RECORD EXCERPTS
• • • •

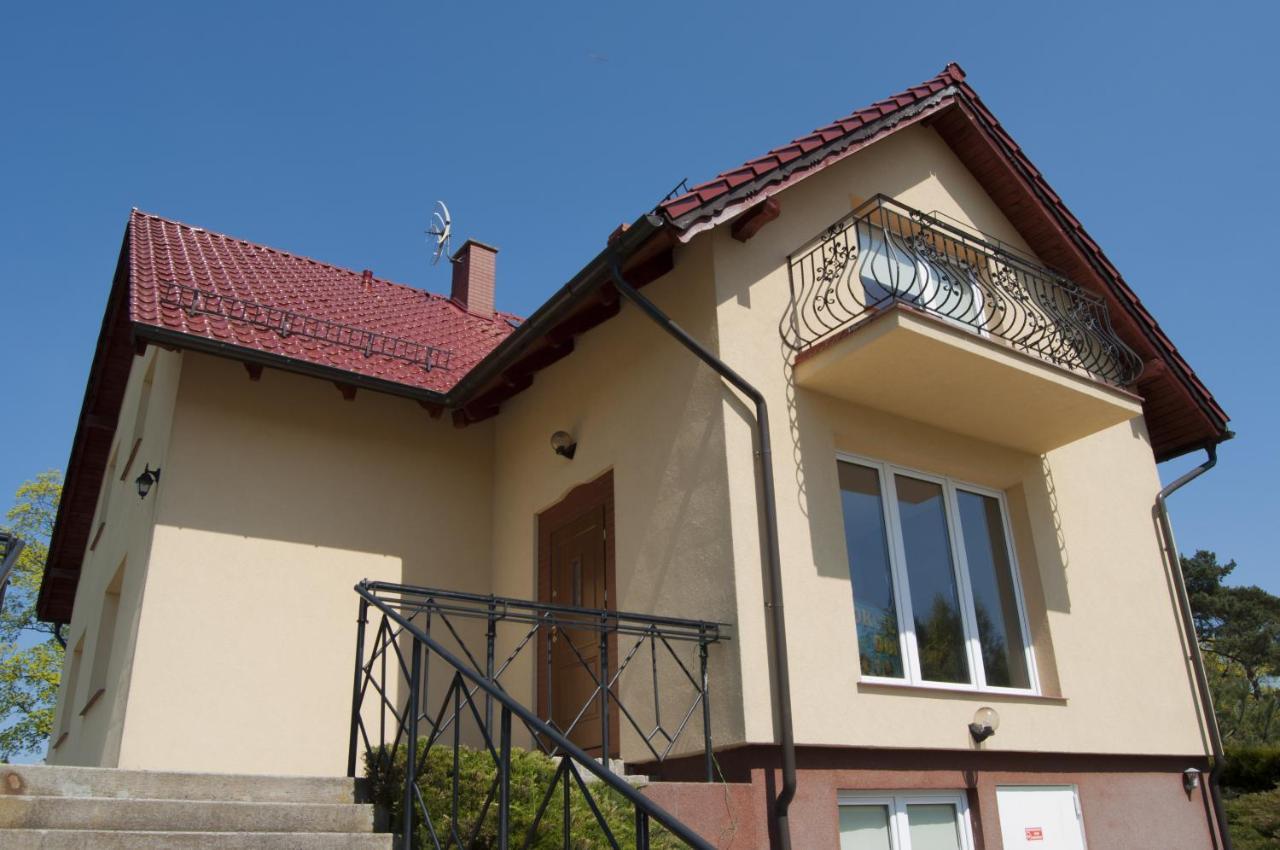 Jantar Pokoje I Domki U Reni Exteriör bild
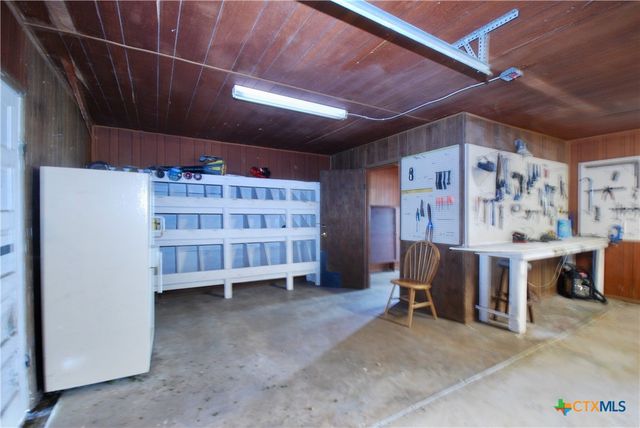 3901 N State Highway 95, Moulton, TX 77975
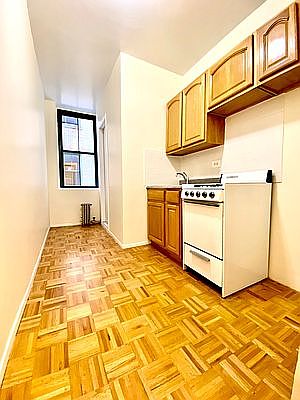 1st image of 509 E 78th St APT 3a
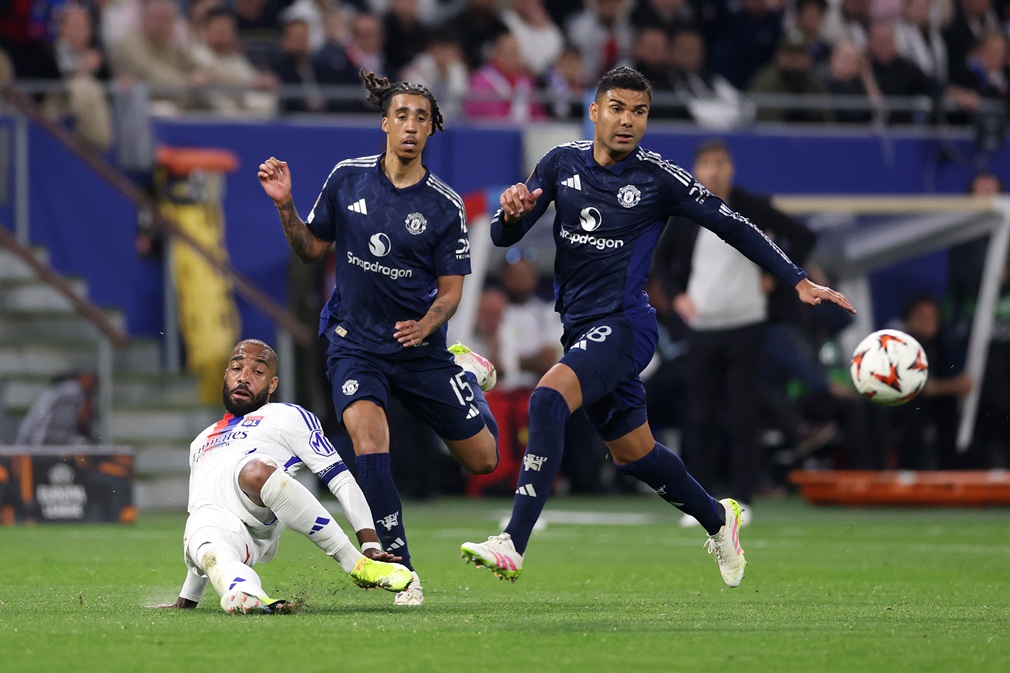 Lyon le quitó el dulce a Manchester United: vibrante final con empate 2-2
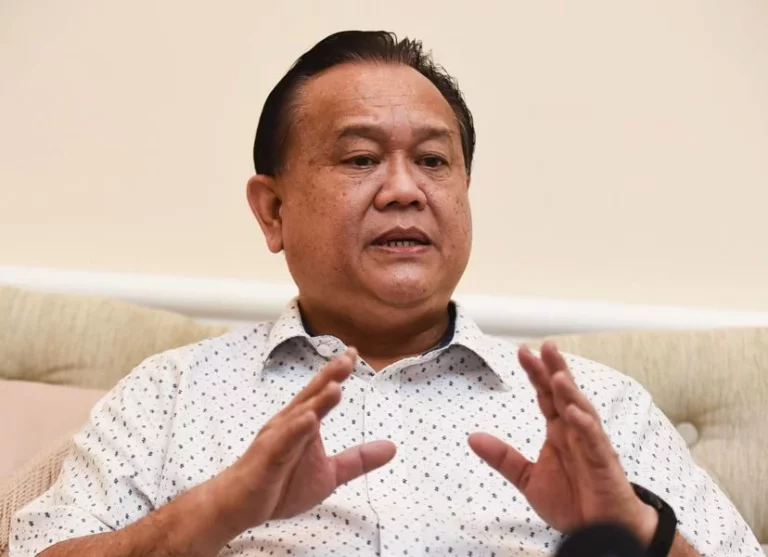 Tarik pelbagai kaum jadi penjawat awam 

• • • •

WHAT IS REQUIRED
Your copy of the data above should match it exactly, apart from the images.

OUTPUT
 Jantar Pokoje I Domki U Reni Exteriör bild
 3901 N State Highway 95, Moulton, TX 77975
 1st image of 509 E 78th St APT 3a
 Lyon le quitó el dulce a Manchester United: vibrante final con empate 2-2
 Tarik pelbagai kaum jadi penjawat awam 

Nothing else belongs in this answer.